A flash device using a xenon discharge tube includes a battery, a DC-DC converter (boost circuit), a capacitor (discharge capacitor), and a trigger circuit, and operates as follows, for example. First, the voltage of the battery is boosted to about 250 to 500 V by a DC-DC converter, and the capacitor is charged. Next, the capacitor is discharged by the switch of the trigger circuit, the discharge current is boosted to a pulse voltage of several thousand volts by the transformer, and the xenon discharge tube is caused to emit light. Flash devices using this xenon discharge tube have been used since the days of film analog cameras.

However, since it is necessary to use an electrolytic capacitor having a high withstand voltage and a large instantaneous discharge capacity as the capacitor, the size of the capacitor increases, and thus there is a problem that it is difficult to mount in a small digital camera or mobile phone.
Therefore, in recent years, an LED flash device using an LED light source has attracted attention as means for reducing the size of the flash device. For example, an LED, an auxiliary power source for driving the LED, a controller for controlling the light emission state of the LED, a booster circuit for generating a voltage necessary for light emission of the LED, and a current for turning on / off the current flowing through the LED In an LED flash device having a switch, an LED flash device in which the energy density of the auxiliary power source is 5 Wh / kg or more and a current of 0.8 A or more is supplied to the LED has been proposed. As an organic radical secondary battery, a lithium ion secondary battery, or a lithium ion capacitor (see Patent Document 1).

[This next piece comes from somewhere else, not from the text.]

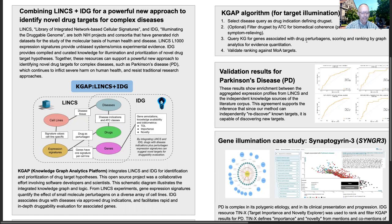Integrating LINCS and IDG, we built KGAAP, Knowledge Graph Analytics Platform, for identification and prioritization of drug target hypotheses. This open source project was a collaborative effort involving software developers and scientists. This schematic diagram illustrates the integrated knowledge graph and logic.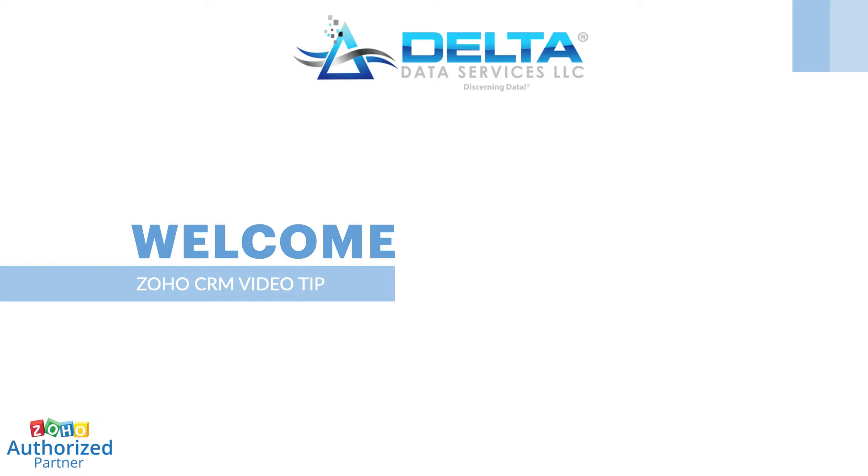Welcome to Delta Data Services. We are back with another Zoho CRM video tip.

  In the above-mentioned Patent Document 1, an embodiment composed of a plurality of high-power batteries (organic radical secondary batteries) in which an auxiliary power source for driving LEDs is connected in series, and an embodiment in which the auxiliary power source is arranged in parallel to the main power source. There are examples and descriptions. In the former case, two high-power batteries and a cell balance circuit are required to charge a voltage necessary for light emission of the LED, but a small boost converter or a charge pump can be used as the booster circuit. In the latter case, only one high-power battery is required, but a large boost converter is required as a booster circuit.

  Here, the lithium ion capacitor is an electric storage element in which the positive electrode uses activated carbon as an active material like an electric double layer capacitor, and the negative electrode uses a carbonaceous material that absorbs and releases lithium ions as an active material like a lithium ion secondary battery. (See, for example, Patent Document 2) The energy density that can be stored is inferior to that of a lithium ion secondary battery, but is superior to that of an electric double layer capacitor, and the amount of energy that can be instantaneously released is superior to that of a secondary battery or electric double layer capacitor.

JP 2009-295769 A International Publication No. 2009/063966 Pamphlet

  As described above, it is considered that the lithium ion capacitor has preferable characteristics for downsizing the capacitor (discharge capacitor) of the LED flash device. However, a lithium ion capacitor has a preferable working voltage range unlike a normal capacitor. An object of this invention is to provide the LED flash apparatus suitable for size reduction using a lithium ion capacitor, and the electronic device carrying this LED flash apparatus.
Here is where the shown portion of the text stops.